Children are a pretty savvy group of people these days. If you think about it, it’s a good thing not to be a blind follower of what someone tells you to do. But how are we, as parents or adults who work with kids, get them to follow the rules or do as we ask?
It occurred to me one day running a group that maybe kids would do better if I explained the reasoning behind the request or the demand I was making. As an example, my group room has a slippery laminate floor, so we have a rule about not running and sliding in stockinged feet. Over and over, my staff and I found ourselves being on kids for doing precisely what we asked them not to do. “Because I said so” wasn’t working. I sat them all down, and I said that I wanted to try something different. I explained that I realized that many times, grownups said, “because I said so” about something and never told kids why. I noted that grown-ups don’t make up rules to be mean or to stop kids from having fun. So I said from now on, I would tell them “why” I had a specific rule or made a particular request.

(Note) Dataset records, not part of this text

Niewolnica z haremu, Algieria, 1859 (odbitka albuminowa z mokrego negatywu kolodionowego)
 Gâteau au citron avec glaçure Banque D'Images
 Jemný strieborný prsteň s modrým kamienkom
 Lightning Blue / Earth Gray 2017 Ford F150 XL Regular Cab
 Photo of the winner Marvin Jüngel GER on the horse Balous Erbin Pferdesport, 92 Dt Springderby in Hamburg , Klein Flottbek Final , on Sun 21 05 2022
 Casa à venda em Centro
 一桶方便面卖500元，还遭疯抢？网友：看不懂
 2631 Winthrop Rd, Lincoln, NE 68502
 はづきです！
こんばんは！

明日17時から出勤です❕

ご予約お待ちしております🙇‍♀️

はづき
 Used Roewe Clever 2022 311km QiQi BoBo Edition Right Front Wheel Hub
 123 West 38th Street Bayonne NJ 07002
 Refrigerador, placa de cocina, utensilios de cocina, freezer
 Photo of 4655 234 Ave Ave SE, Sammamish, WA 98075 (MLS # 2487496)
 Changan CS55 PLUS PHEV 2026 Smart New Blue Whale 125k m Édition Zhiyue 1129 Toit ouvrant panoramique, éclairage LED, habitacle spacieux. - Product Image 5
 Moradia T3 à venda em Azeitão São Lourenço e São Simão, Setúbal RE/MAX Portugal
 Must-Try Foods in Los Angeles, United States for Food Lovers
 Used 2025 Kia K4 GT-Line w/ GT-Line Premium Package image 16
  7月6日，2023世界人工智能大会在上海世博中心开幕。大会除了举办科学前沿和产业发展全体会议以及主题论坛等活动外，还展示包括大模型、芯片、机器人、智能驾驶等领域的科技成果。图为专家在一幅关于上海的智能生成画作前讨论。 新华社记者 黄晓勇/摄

In the example above, I told the kids that the rule about not sliding around in their stockinged feet was first and foremost to keep them safe from falling and hurting themselves on a hard and unforgiving surface. The second was to keep the walls of our group room from getting damaged. It happened three times when sliding feet turned into knees through the wall. I keep one of those holes unrepaired and covered by a bookshelf as an example of the “why” I have that rule, and I show it to kids who need to see it to understand.
I promised the kids that from now on, I would work hard to say “because I said and why” instead of “because I said so” and that they were allowed to ask me “why” if I should forget. One of the boys breathed a sigh of relief and said, “Miss Donna, why can’t all adults do that?” Well, maybe this idea might catch on, and this guy’s wish will come true. It only takes a minute to give a child a “why.”